> WHAT THE TASK ASKS
When you reach the line containing "Galactic Gecko #1280" in the entries below, start writing out each line exactly, and stop after the line containing "Hanuman ji Wallpaper".
--- DATA FOR THIS TASK ---
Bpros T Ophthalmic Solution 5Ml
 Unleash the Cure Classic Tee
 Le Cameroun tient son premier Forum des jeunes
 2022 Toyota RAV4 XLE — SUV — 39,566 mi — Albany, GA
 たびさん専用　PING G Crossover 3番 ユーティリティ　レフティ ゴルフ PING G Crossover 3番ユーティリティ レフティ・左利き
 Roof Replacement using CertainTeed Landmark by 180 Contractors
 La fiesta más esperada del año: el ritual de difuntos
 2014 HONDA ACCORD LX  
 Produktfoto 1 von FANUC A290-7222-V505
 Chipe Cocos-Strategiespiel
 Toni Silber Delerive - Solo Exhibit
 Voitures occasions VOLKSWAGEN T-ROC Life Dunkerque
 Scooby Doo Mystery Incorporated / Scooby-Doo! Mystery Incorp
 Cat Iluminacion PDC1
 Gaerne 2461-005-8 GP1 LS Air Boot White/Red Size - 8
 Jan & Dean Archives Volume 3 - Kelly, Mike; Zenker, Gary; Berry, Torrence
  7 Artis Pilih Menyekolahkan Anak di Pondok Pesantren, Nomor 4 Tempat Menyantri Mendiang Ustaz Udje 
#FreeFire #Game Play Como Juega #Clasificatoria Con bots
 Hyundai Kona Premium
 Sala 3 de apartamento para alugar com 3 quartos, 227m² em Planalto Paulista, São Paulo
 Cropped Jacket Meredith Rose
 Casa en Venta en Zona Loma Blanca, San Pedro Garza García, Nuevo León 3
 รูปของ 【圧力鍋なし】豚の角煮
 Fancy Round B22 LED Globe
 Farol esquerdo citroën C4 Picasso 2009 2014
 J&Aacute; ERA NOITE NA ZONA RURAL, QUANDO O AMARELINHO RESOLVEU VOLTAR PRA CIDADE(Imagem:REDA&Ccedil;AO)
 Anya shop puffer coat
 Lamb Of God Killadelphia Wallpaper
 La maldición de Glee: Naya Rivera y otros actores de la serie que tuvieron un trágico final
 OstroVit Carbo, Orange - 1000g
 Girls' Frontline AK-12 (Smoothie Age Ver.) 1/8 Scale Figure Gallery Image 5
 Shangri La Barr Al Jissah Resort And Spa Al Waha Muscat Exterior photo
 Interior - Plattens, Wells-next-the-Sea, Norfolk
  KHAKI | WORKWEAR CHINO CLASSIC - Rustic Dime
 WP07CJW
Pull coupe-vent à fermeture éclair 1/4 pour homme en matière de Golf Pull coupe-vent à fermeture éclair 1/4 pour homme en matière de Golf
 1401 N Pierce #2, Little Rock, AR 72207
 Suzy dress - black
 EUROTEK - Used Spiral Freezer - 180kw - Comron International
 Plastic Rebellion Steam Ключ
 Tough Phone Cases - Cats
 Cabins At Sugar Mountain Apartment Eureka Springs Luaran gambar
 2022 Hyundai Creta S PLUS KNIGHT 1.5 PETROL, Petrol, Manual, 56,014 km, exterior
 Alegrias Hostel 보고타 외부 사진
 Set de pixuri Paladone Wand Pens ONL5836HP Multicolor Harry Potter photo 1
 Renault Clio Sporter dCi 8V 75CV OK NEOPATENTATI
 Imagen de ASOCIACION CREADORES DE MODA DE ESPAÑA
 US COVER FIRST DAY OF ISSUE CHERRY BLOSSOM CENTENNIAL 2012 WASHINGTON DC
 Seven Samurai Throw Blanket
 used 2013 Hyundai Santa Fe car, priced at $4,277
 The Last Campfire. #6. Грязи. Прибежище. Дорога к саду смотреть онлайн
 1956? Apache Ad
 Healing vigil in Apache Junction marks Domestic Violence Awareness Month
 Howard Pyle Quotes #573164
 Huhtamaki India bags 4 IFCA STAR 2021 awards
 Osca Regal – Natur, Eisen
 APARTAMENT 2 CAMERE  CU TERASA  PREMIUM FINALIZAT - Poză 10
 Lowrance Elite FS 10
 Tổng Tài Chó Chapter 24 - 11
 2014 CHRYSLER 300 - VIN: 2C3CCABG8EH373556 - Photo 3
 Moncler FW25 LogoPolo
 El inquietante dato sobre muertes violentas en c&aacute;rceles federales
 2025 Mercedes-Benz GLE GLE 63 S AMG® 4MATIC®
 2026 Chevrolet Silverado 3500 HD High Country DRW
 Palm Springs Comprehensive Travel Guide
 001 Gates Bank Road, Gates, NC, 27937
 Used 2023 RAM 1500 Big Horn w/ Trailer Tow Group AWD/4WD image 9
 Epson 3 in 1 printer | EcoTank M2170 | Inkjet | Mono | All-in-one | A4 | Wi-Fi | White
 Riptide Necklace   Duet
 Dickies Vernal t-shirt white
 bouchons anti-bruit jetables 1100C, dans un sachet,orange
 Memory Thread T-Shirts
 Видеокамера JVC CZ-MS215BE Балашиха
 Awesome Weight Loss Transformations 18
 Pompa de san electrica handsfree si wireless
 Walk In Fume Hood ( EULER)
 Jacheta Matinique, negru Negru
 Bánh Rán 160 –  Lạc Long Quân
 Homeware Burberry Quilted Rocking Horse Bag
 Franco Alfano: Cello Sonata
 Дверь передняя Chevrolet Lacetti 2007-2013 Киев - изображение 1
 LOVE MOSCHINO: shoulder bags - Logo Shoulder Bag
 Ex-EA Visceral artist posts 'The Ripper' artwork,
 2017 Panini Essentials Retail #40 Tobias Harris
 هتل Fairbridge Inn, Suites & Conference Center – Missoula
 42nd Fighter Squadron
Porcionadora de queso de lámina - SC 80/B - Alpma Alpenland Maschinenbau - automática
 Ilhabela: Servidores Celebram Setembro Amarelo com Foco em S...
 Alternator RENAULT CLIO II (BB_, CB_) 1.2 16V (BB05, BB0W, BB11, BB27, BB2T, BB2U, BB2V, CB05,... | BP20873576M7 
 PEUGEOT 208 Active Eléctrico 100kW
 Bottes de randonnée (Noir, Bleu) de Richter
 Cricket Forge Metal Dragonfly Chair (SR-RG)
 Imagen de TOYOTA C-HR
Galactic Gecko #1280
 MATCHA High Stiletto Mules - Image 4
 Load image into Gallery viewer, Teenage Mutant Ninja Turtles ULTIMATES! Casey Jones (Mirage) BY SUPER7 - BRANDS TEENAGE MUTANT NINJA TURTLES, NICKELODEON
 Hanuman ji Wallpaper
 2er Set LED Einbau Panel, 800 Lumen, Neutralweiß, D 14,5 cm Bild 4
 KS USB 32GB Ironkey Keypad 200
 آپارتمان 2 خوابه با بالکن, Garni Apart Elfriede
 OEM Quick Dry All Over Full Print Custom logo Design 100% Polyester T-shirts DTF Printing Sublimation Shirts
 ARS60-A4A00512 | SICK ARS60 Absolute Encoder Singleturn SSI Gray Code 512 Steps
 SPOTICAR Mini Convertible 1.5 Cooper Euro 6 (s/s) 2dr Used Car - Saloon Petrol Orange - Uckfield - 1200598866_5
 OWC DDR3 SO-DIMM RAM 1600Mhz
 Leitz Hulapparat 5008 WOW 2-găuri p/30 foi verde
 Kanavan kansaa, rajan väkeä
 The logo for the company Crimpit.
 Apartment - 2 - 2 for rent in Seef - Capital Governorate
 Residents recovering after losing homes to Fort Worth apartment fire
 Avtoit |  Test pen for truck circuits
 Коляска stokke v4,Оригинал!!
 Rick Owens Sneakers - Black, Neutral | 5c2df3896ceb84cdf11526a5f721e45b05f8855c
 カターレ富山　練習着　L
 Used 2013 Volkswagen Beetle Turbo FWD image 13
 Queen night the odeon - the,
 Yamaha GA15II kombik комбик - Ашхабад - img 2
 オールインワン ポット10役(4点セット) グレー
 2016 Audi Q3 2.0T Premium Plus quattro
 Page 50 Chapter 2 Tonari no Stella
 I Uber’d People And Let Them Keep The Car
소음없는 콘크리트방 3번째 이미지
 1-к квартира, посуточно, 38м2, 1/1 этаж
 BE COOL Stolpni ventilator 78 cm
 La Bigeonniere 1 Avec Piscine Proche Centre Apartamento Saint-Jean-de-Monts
---
> THE ANSWER
Galactic Gecko #1280
 MATCHA High Stiletto Mules - Image 4
 Load image into Gallery viewer, Teenage Mutant Ninja Turtles ULTIMATES! Casey Jones (Mirage) BY SUPER7 - BRANDS TEENAGE MUTANT NINJA TURTLES, NICKELODEON
 Hanuman ji Wallpaper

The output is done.